Also in Tan, the court's observation about the factor of weapon use is well taken, that: "It is of no moment that the assaults were not committed with guns where they nonetheless inflected great bodily injury. Plaintiffs demonstrated a reasonably foreseeable risk of violent criminal assaults on the property." (Tan, supra, 170 Cal.App.4that p. 1100.) Here too, these prior incidents are not sufficiently distinguishable to prevent any foreseeability effect, merely because only one involved a knife, only one involved a gun, one involved beating with fists, and overall, there were no serious physical injuries inflicted (other than the beating), until Plaintiff was stabbed. Landlords are not required to see into the future, but instead to respond to known risk factors in a reasonable manner. (Delgado, supra, 36 Cal.4th at p. 247, fn. 27.) Defendants' expert Erickson took crime statistics in the community into account in her report. In light of these established standards, we continue with the duty analysis, again without reference to potential causation issues and problems.
IV
REQUIRED BALANCING PROCESS: DUTY
At this point, we seek to clarify that we interpret this record as demonstrating a case of "regular" foreseeability, as opposed to "heightened foreseeability" of risk of this harm. As those concepts are described in Delgado, supra, 36 Cal.4th at page 243 and footnote 24, when a court analyzes a given set of facts, it may be able to find there was "heightened foreseeability" of harm, as shown by prior similar criminal incidents or other indications of a reasonably foreseeable risk of violent criminal assaults in that location. Only where such heightened foreseeability is demonstrated will the courts make a finding of duty to take protective measures that are "great or onerous." (Ibid.)
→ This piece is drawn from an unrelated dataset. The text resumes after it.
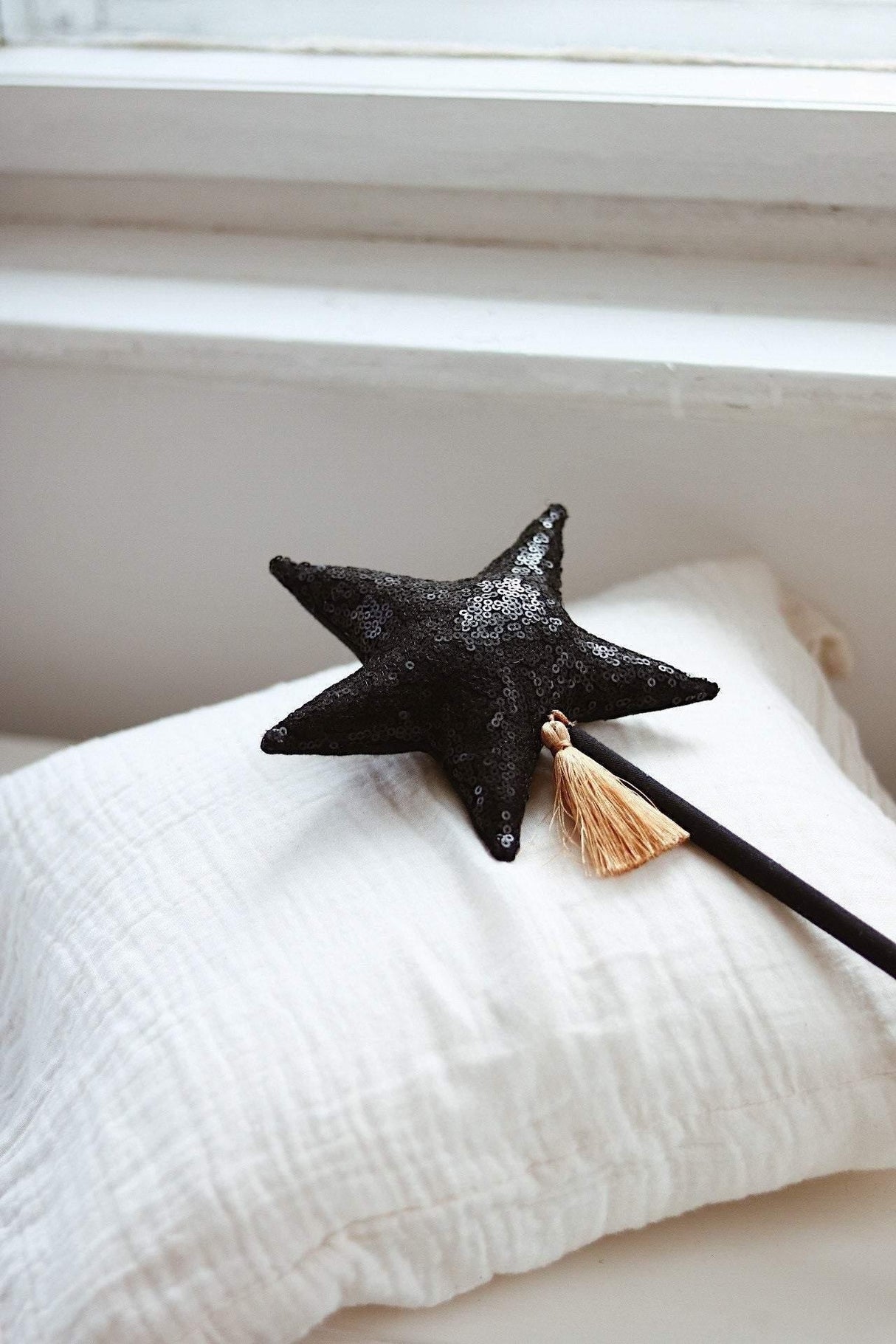 “Black Sequins” Magic Wand by Moi Mili - Sumiye Co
In applying this "sliding-scale balancing formula" (Delgado, supra, 36 Cal.4th at p. 243, fn. 24), we believe that this record supports a conclusion that based on the information available about a number of third party personal confrontation theft-related offenses committed upon patrons of the mall in the vicinity of Structure D, together with information about the design of the parking structure and about theft crimes that have a reasonable probability of escalating to assault, these Defendants were on notice of facts supporting a level of" 'regular' reasonable foreseeability as opposed to heightened foreseeability...." (Ibid.; italics added.) Where such significant data about criminal conduct is available to the landowner, arguably putting the owner on notice that patrons may be subject to a particular risk of harm on the property, and where such "harm can be prevented by simple means or by imposing merely minimal burdens, " (id. at p. 238), then courts may be required to determine that the scope of such duty will include taking reasonable measures to attempt to provide protections against the occurrence of third party crime. (Id. at p. 237, fn. 15.)
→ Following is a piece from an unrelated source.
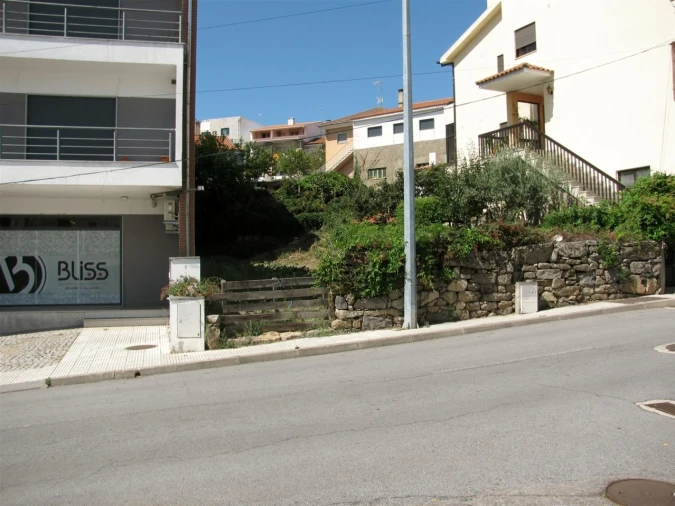 Terreno para Venda em Miranda do Douro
In addition to assessing foreseeability, courts are required to take into account other factors for determining the existence and scope of a duty, as they are laid out in Rowland v. Christian (1968) 69 Cal.2d, 108, 113: "[T]he degree of certainty that the plaintiff suffered injury, the closeness of the connection between the defendant's conduct and the injury suffered, the moral blame attached to the defendant's conduct, the policy of preventing future harm, the extent of the burden to the defendant and consequences to the community of imposing a duty to exercise care with resulting liability for breach, and the availability, cost, and prevalence of insurance for the risk involved."
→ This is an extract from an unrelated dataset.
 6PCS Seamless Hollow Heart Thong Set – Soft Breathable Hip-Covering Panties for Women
According to the court in Delgado, the most important consideration in establishing duty is foreseeability, although other factors may indicate the inappropriateness of expanding the scope of a landowner's duty. (Delgado, supra, 36 Cal.4th at p. 237, fn. 15.) We next analyze several other factors and problems presented by this record, regarding the imposition of a duty based on "regular" reasonable foreseeability.
A. Factors: Circumstances at the Premises
In a regular reasonable foreseeability case, " ' "If injury to another ' "is likely enough in the setting of modern life that a reasonably thoughtful [person] would take account of it in guiding practical conduct" ' [citations], we must label the injury 'reasonably foreseeable, ' " ' " and go on to balance other recognized duty considerations. (Ericson, supra, 162 Cal.App.4th at p. 1303, citing Rowland v. Christian, supra, 69 Cal.2d 108.) We seek to evaluate generally " 'whether the category of negligent conduct at issue is sufficiently likely to result in the kind of harm experienced that liability may appropriately be imposed on the negligent party.' " (Alvarez, supra, 100 Cal.App.4th 1190, 1219 (dis. opn. of Epstein, J.).)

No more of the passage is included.